1. Whether you’re gay or straight, do not equate feelings with action. It really helps to get this idea clear in our minds: The fact that we experience temptation does not mean we are sinning. The Bible says Jesus Himself was tempted in every way that we are yet without sin. The temptation and draw of something does not equal action of something. This is where our culture and the media have really muddied the waters— especially when it comes to homosexuality. Even though there is an obvious difference between feeling and action, there is a coordinated effort to blur this line. Because if it was ever widely established that being born with certain inclinations does not mean you have to live a certain way, many of the arguments would fall apart. Including the comparison of the homosexual to a minority race —unless we were trying to say that whatever skin color you are born with determines how you must act . . . Which . . . I’m pretty sure would be racist.
Unfortunately, the result of this flawed logic is people who now think they were born with no control over how they live and act. Which is an absolute farce. One does not need to be religious to recognize that, as humans, what makes us unique is the ability to override our more base, animalistic tendencies and when necessary, act contrary to them.
2. Whether you’re gay or straight, don’t pray prayers that sound like, “God take these feelings away or else I’ll know it’s your will to go ahead and do this.” Every straight married man who prays that kind of a prayer has a frying pan to the head in his future.
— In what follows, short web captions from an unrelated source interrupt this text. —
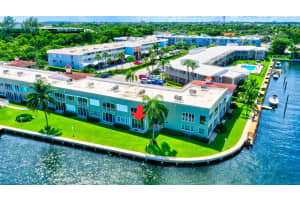 711 NE Harbour Terrace 304, Boca Raton, FL 33431 Sold 12/20/23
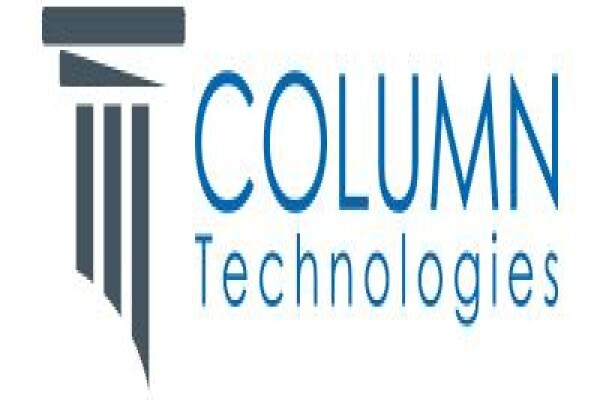 Column Technologies GSD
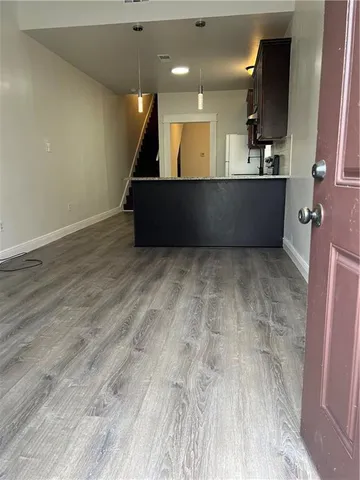 $1,850 | 2117 Foucher Street, New Orleans, LA 70115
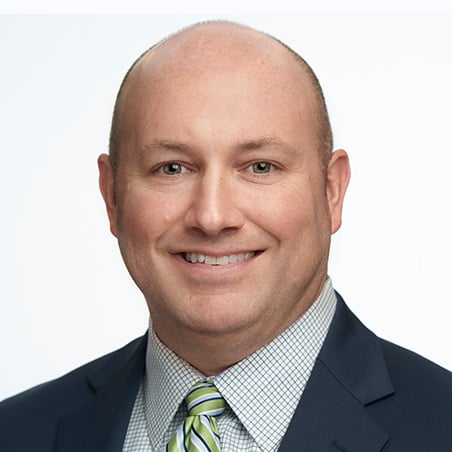 Stephen Spencer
3. Whether you’re gay straight, don’t buy into the lie that your struggles are unique. Once you convince yourself that there is, “no one who understands” you essentially give yourself a universal pass for any and all behavior. As previously mentioned, experiencing temptations and feelings contrary to God’s Will is far from unique—that’s what makes you a human in need of a Savior.
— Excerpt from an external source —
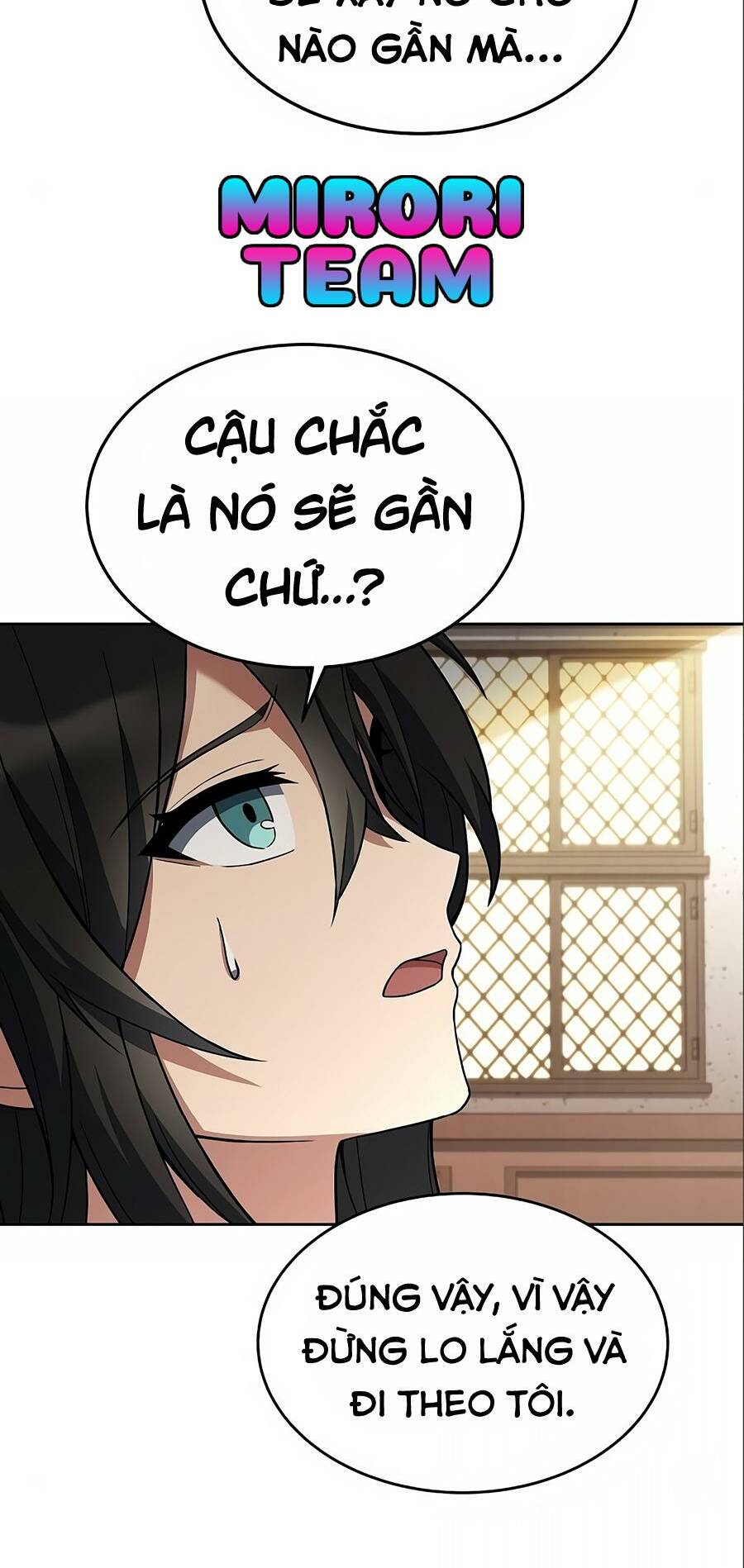 Chương 6 - Trang 55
4. Whether you’re gay or straight, do not let sexual attraction define you. Just because you have these feelings does not mean they are the sum total of who you are. If you buy into this lie, then soon you’ll develop a sense of justification for living any kind of lifestyle you want—After all, we can’t deny who we are, right?
5. Whether you’re gay or straight, don’t search the internet or other sources for permission to do, “whatever you want”–because I guarantee you’ll find them.
6. Finally, whether you’re gay or straight, get it out of your head that there is going to be some kind of finish line in this life. We are all a work in progress and nearly every Christian can tell you they are a recovering, “sinaholic” who occasionally (if not constantly) relapses. Most will live their whole lives revisiting bad habits no matter how hard they try not to. The struggle is not evidence that there is something wrong with you, but on the contrary, actually shows you’re just as normal as the rest of us.